When processing thousand paragraphs \type {tufte.tex}, staying below 4 seconds
(just over 60 pages per second) all|-|in that looks ok. But it doesn't say that
much. Outputting 1000 pages in 2 seconds tells a bit about the overhead on a page
but again in practice things work out differently. So what do we need to
consider?

\startitemize

\startitem
    Check what macros and resources are preloaded and what gets always loaded at
    runtime.
\stopitem

\startitem
    After a first run it's likely that the operating system has resources in its
    cache so start measuring after a few runs.
\stopitem

\startitem
    Best run a test many times and and take the average runtime.
\stopitem

\startitem
    Simple macro performance tests can be faster than in real usage because the
    related bytes are in \CPU\ cache memory.

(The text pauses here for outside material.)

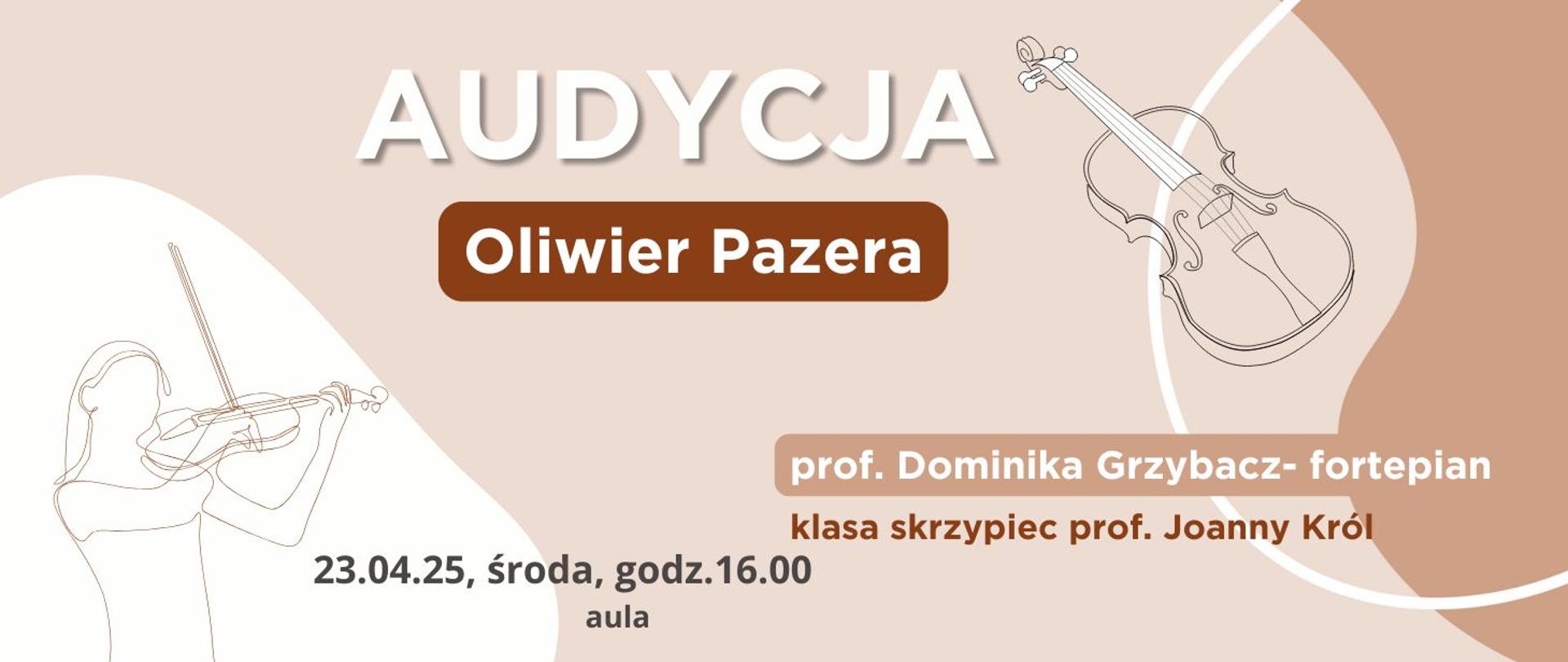 Audycja 23.04.2025 godz.16.00 kolory brązowe grafika dziewczyna grająca na skrzypcach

So one can only use that to test a
    specific improvement (or hit due to added functionality).
\stopitem

\startitem
    The size of the used \TEX\ tree can matter. The file databases need to be
    loaded and consulted.
\stopitem

\startitem
    The binary matters: is it optimized, does it load libraries, is it 64 bit or not.
\stopitem

\startitem
    Local and|/|or global font definitions can hit performance and when a style
    does many redundant switches it might hit performance. Of course that only is
    the case when font switching is adaptive.
\stopitem

\startitem
    The granularity of subsystems impacts performance: advanced color support,
    inheritance used in mechanisms, abstraction combined with extensive
    support for features, it all matters.
\stopitem

\startitem
    The more features one enables the more it will impact performance as does
    preprocessing the input (normalizing, bidi checking, etc).
\stopitem

\startitem
    It matters how the page (and layout) dimensions are defined. Although
    language doesn't really play a role (apart from possible hyphenation)
    specific scripts might.
\stopitem

\stopitemize

These are just a few points, but it might be clear that I don't take comparisons
too serious simply because it's real runs that matter. As long as we're in the
runtime comfort zone we're okay. You can run tests within the domain of a macro
package but comparing macro package makes not that much sense. It can even
backfire, especially when claims were made about what should be or not be in a
kernel (while later violating that) or relying on old stories (or rumors) about a
variant macro package being slow. (The same is true when comparing one's favorite
operating system.) Yes, the \CONTEXT\ format file is huge and performance less
than for instance plain \TEX. If that is a problem and not a virtue then make
sure your own alternative will never end up like that. And just don't come to
conclusions about a system that you don't really know.